I often fall into this consumeristic approach to church. Me. I’m not just calling others out, here. I need to repent of it and love God more, glitz less.

Unlike the tens of millions of Chinese Christians meeting in illegal house churches, the thousands of Nigerian Christians being persecuted by Boko Haram, or the Iraqi Christians who have been forced to flee their homes, we often desire, or want to sell, entertainment. And we are befuddled or irritated when the ekklesia, the called out people of God, doesn’t give it.

Rather than the New Testament’s teaching of church as a body we are grafted into to serve and be served, we think in terms of finding a church that will appeal to our senses. We want to shop for the store in the church mall that most suits our needs. And we think, quite often, that that is what our churches should be for our unbelieving neighbors.

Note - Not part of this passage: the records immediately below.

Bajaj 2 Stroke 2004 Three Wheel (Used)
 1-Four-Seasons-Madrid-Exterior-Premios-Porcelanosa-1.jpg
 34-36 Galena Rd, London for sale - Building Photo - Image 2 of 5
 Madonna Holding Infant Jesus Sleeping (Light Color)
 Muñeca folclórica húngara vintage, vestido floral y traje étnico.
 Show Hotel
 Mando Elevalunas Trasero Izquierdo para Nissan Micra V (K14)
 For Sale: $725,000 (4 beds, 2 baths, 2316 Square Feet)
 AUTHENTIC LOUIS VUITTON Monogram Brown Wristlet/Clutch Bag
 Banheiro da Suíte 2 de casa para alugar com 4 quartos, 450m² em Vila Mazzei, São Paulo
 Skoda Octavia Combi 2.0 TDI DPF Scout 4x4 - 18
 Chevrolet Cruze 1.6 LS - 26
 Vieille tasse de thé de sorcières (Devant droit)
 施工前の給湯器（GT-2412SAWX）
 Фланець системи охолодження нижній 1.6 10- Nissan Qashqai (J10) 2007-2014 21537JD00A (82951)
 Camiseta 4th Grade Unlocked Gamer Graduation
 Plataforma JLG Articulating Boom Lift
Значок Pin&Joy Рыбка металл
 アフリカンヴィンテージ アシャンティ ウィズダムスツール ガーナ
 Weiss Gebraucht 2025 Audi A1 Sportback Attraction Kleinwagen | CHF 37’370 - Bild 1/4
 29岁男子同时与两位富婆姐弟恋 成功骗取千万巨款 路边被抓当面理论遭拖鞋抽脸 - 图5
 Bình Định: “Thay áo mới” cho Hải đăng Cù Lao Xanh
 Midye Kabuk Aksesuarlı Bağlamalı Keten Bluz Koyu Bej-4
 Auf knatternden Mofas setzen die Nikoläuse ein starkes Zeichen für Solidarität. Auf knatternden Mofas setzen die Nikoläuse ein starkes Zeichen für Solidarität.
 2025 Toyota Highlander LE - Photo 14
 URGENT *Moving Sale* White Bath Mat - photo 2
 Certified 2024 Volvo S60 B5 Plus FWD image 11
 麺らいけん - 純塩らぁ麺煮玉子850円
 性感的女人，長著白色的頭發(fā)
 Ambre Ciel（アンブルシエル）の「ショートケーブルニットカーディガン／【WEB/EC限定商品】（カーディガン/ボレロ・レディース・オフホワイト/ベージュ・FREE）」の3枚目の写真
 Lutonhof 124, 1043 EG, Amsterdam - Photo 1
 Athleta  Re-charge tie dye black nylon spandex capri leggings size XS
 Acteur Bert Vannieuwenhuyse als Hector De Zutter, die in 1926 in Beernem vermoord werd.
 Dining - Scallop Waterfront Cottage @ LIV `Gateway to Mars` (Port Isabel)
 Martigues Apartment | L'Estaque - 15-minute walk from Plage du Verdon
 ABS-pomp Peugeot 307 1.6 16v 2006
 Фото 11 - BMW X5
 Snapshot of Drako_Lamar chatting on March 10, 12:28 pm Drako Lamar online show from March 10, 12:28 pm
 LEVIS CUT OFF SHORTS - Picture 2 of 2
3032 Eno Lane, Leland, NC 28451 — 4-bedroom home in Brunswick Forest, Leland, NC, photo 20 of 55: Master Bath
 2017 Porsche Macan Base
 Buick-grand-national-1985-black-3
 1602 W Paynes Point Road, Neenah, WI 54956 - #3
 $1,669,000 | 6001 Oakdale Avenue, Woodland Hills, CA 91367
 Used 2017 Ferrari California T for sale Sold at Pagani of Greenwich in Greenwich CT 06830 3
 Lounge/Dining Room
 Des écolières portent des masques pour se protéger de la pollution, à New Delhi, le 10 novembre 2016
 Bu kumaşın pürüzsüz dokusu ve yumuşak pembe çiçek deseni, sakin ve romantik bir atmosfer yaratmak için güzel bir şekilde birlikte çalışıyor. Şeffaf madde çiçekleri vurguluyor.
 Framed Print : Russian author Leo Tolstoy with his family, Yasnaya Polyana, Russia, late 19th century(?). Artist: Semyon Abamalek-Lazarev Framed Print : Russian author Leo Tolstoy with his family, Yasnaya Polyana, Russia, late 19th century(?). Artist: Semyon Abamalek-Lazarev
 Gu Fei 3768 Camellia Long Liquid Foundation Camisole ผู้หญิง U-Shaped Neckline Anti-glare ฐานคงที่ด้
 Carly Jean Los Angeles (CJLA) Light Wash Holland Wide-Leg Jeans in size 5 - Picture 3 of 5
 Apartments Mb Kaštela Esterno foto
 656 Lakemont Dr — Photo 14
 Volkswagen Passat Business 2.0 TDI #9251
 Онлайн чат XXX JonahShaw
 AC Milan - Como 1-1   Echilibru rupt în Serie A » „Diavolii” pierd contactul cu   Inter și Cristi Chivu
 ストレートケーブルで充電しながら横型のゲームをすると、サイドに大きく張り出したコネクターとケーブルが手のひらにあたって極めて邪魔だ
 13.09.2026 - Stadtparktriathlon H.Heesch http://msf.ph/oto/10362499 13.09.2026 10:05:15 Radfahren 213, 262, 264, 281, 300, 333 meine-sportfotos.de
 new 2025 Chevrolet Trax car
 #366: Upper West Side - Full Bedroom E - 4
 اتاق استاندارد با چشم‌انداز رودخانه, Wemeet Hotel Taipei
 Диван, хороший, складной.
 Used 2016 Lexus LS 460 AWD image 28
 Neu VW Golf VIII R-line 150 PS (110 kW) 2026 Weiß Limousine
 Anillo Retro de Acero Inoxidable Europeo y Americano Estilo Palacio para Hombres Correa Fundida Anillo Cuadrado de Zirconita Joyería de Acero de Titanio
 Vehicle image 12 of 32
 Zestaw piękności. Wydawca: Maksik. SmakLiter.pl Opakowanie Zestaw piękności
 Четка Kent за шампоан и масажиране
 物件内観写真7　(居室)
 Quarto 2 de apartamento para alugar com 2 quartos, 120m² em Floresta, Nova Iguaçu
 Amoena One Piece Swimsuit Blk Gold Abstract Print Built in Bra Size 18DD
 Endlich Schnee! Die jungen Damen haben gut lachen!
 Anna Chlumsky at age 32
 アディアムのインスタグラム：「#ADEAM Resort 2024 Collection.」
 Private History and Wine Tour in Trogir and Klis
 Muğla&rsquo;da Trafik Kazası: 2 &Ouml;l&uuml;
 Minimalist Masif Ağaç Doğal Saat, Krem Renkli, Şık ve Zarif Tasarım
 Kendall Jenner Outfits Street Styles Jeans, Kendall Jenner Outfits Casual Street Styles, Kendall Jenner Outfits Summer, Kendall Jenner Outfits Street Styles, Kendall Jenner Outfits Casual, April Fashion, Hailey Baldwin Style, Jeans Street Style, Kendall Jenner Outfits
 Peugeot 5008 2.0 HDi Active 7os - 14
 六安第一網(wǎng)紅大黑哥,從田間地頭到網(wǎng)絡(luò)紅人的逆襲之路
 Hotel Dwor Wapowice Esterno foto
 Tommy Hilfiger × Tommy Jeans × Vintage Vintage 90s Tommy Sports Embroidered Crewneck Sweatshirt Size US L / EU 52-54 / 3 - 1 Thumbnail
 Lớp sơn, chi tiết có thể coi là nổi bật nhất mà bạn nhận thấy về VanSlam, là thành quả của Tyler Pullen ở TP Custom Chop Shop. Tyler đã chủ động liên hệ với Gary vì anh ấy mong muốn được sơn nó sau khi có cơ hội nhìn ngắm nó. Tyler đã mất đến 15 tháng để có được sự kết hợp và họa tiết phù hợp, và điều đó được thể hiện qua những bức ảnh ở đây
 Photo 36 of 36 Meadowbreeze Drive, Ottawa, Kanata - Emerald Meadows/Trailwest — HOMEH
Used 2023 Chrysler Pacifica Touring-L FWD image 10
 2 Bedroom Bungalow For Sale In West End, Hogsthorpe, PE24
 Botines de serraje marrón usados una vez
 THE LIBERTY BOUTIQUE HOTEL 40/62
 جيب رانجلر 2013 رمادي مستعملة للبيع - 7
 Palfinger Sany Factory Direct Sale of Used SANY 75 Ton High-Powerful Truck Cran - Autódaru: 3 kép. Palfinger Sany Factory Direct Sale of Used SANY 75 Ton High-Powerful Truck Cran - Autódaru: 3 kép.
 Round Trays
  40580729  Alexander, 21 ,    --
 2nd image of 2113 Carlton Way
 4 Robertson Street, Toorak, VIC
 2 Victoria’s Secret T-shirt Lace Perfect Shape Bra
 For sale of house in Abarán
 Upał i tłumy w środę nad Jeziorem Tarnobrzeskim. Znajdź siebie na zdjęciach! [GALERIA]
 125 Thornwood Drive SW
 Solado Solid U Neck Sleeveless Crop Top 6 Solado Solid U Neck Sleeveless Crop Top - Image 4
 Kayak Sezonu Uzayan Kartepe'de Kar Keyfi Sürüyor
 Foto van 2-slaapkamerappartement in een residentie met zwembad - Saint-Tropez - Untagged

The most appealing store in the church mall.

Nowhere in the New Testament will you see that.

Instead, in 1 Corinthians, 1 Timothy, 2 Timothy, Titus you will see the local church presented as the outpost of the Kingdom where the Gospel is proclaimed, and which individual Christians have been adopted and grafted into.

A faithful family of committed members whose adoration for Jesus spills over into devotion for each other and for the lost.

The Word preached, unbelievers repenting and believing, believers living in obedience and then mobilizing for the Kingdom.

Quite different from an Apple Store, isn’t it?

A.W. Tozer said it far better than I ever will (as quoted in “He is Not Silent,” by Al Mohler):


“We have the breezy, self-confident Christians with little affinity for Christ and His cross. We have the joy-bell boys that can bounce out there and look as much like a game show host as possible. Yet, are they doing it for Jesus’ sake?! The hypocrites! They’re not doing it for Jesus’ sake at all; they are doing it in their own carnal flesh and are using the church as a theater because they haven’t yet reached the place where the legitimate theater would take them…

“It is now common practice in most evangelical churches to offer the people, especially the young people, the maximum of entertainment and a minimum of serious instruction. It is scarcely possible in most places to get anyone to attend meeting where the only attraction is God. One can only conclude that God’s professed children are bored with Him, for they must be wooed to meeting with a stick of striped candy in the form of religious movies, games and refreshments…

“Any objection to the carryings-on of our present golden calf Christianity is met with the triumphant reply, ‘But we are winning them!’ And winning them to what? To true discipleship? To cross-carrying? To self-denial? To separation from the world? To crucifixion of the flesh? To holy living? To nobility of character? To a despising of the world’s treasures? To hard self-discipline? To love for God? To total commital to Christ? Of course the answer to all these questions is ‘no.'”

Real churches made up of real members offering the real Gospel spells real hope.

I should desire and pray for that more, and look for what will suit my fancy less.

If we want to create true worshipers we must worship in truth.